Em meio ao avanço avassalador das plataformas digitais sobre quase todos os aspectos da vida social, um dispositivo jurídico brasileiro vem ganhando protagonismo nos debates sobre liberdade, democracia e soberania: o Artigo 19 do Marco Civil da Internet (Lei 12.965/2014). Seu julgamento de constitucionalidade, em trâmite no Supremo Tribunal Federal, está longe de ser apenas uma discussão técnica. Trata-se, na verdade, de um embate simbólico e prático sobre quem controla o espaço público na era digital — se a sociedade, por meio do Estado de Direito, ou as Big Techs, com seus algoritmos, interesses comerciais e poder global.
O Artigo 19 estabelece que provedores de aplicações, como redes sociais, buscadores e plataformas, só podem ser responsabilizados civilmente por conteúdos de terceiros caso descumpram uma ordem judicial específica de remoção. A lógica é clara: cabe ao Judiciário, e não às empresas privadas, decidir o que deve ou não permanecer no ar, salvo em casos excepcionais já previstos na lei.
Mas o que está realmente em jogo vai muito além da simples remoção de conteúdos. Estamos debatendo o papel das plataformas na regulação da comunicação social, na construção da opinião pública e, sobretudo, na definição dos limites da liberdade de expressão. Em outras palavras, discutimos se a sociedade ainda tem controle sobre seus próprios meios de expressão ou se ela já está submetida à vontade dos algoritmos, cujos critérios de moderação são opacos, privados e inquestionáveis.
Essa discussão dialoga diretamente com um fenômeno crescente: o que estudiosos como Yanis Varoufakis e Cédric Durand chamam de tecnofeudalismo.
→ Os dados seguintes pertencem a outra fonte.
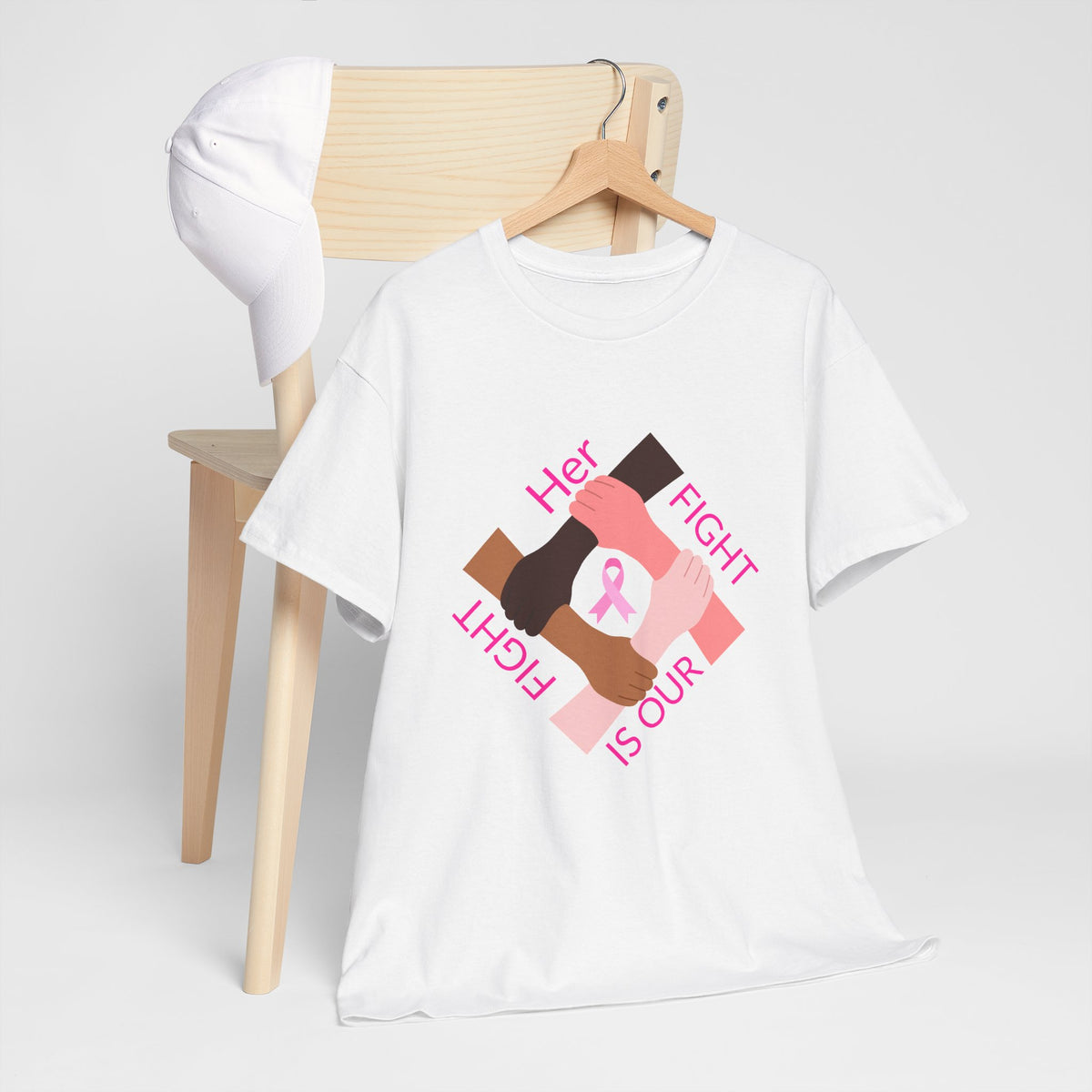 Breast Cancer Awareness Tee —Front of Tee “Our Fight Is Her Fight” and Back of Tee-Pink Ribbon "Sisters in The Fight" Support Shirt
Vivemos, segundo eles, em um regime no qual as plataformas digitais se tornaram os novos senhores feudais. Controlam o acesso, determinam quem vê o quê, quem pode vender, quem pode falar e, principalmente, quem é ouvido. Nesse ambiente, os usuários — ou melhor, os “servos da plataforma” — perdem agência, autonomia e até mesmo a capacidade de organizar coletivamente suas próprias regras.
É nesse contexto que o Artigo 19 se revela uma trincheira essencial na defesa da soberania popular na era digital. Ao impor que apenas uma decisão judicial possa determinar a remoção de conteúdos, a legislação brasileira reafirma a primazia do Estado de Direito sobre o arbítrio privado das plataformas. Trata-se de um mecanismo de resistência contra a transformação das regras públicas em termos de serviço privados, escritos por corporações que, em muitos casos, são mais poderosas que os próprios Estados.
Se aceitarmos que empresas como Google, Meta ou X (antigo Twitter) possam decidir, por conta própria, o que pode ou não circular no espaço digital, estaremos legitimando a substituição do debate democrático por uma lógica puramente comercial, onde a gestão da atenção, da visibilidade e até da verdade é feita segundo interesses privados, muitas vezes incompatíveis com o interesse público.
Há quem argumente que essa exigência judicial torna o processo de moderação lento e ineficaz, especialmente frente aos desafios das fake news e dos discursos de ódio. Esse é, sem dúvida, um ponto relevante, mas que deve ser enfrentado com o fortalecimento do Judiciário, com varas especializadas, procedimentos ágeis e instrumentos processuais eficientes — não com a terceirização do poder jurisdicional às mãos das Big Techs.
Mais do que nunca, o debate sobre o Artigo 19 revela que não vivemos à mercê de uma evolução tecnológica inevitável. Pelo contrário, como lembram David Graeber e David Wengrow, a história da humanidade é marcada pela capacidade de criar, resistir e transformar arranjos sociais. A internet não precisa ser um território de dominação algorítmica; ela pode — e deve — ser um espaço de liberdade, pluralidade e soberania, desde que a sociedade, por meio de suas instituições, decida assim.
Em suma, defender a constitucionalidade do Artigo 19 é mais do que um posicionamento jurídico. É um ato político e civilizatório. É escolher a democracia sobre o feudalismo digital. É reafirmar que, mesmo em tempos de algoritmos, nuvens e inteligência artificial, quem faz as regras deve ser, ainda e sempre, a sociedade — e não as plataformas.